Work instructions:
"pink" is the word to look for; copy each line of the listing where it occurs.

Recorded information:
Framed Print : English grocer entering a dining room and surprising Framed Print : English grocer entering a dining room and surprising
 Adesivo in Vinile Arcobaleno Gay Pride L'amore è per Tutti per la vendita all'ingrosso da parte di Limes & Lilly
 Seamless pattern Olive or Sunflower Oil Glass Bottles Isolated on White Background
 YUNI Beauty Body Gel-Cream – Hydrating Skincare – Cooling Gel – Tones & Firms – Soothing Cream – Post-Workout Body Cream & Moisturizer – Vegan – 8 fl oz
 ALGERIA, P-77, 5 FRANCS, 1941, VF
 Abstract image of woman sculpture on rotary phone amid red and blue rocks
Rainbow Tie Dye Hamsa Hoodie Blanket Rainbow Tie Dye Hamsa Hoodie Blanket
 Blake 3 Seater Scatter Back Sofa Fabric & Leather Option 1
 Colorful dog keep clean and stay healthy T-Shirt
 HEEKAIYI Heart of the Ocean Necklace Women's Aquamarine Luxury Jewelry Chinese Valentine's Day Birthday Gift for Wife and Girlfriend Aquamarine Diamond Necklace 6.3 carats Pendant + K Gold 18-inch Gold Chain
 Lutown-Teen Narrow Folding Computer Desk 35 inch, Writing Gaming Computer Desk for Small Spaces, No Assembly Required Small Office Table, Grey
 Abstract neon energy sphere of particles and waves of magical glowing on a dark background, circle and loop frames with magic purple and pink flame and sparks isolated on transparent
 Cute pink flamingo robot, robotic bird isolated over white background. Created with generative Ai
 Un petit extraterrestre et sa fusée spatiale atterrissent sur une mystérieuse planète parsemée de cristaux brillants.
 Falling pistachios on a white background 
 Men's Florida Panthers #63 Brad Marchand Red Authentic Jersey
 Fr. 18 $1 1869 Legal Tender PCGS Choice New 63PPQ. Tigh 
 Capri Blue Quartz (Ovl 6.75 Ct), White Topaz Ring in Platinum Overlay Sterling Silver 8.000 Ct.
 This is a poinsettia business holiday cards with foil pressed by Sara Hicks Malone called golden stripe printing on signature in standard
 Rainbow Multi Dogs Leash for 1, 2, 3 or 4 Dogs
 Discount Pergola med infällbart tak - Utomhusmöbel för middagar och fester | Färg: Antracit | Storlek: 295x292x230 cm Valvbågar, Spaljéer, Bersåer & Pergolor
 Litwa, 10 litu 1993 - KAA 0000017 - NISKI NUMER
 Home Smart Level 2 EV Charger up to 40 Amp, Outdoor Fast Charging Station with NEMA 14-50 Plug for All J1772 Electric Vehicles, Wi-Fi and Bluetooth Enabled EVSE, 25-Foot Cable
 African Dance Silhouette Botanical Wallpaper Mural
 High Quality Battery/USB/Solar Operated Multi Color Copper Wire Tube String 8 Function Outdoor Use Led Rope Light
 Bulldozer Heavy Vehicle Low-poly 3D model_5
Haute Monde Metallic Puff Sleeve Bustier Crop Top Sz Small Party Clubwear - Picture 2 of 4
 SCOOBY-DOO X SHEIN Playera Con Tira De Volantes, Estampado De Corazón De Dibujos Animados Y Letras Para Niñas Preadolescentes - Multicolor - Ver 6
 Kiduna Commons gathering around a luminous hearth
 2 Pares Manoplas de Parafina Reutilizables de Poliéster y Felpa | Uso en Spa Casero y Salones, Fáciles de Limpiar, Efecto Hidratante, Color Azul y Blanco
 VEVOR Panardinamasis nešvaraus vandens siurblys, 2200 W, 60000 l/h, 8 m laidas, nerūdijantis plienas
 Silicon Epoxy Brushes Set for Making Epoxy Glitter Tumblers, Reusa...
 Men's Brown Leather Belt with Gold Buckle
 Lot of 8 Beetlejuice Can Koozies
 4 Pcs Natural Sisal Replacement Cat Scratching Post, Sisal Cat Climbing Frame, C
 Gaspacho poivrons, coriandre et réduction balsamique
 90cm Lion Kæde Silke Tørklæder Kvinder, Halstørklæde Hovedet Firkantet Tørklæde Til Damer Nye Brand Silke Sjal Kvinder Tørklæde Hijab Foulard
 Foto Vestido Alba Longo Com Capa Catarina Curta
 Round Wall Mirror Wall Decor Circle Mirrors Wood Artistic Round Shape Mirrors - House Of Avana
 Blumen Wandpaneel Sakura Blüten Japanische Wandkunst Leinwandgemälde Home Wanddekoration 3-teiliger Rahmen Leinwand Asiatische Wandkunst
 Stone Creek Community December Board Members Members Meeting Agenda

Result below:
 Abstract neon energy sphere of particles and waves of magical glowing on a dark background, circle and loop frames with magic purple and pink flame and sparks isolated on transparent
 Cute pink flamingo robot, robotic bird isolated over white background. Created with generative Ai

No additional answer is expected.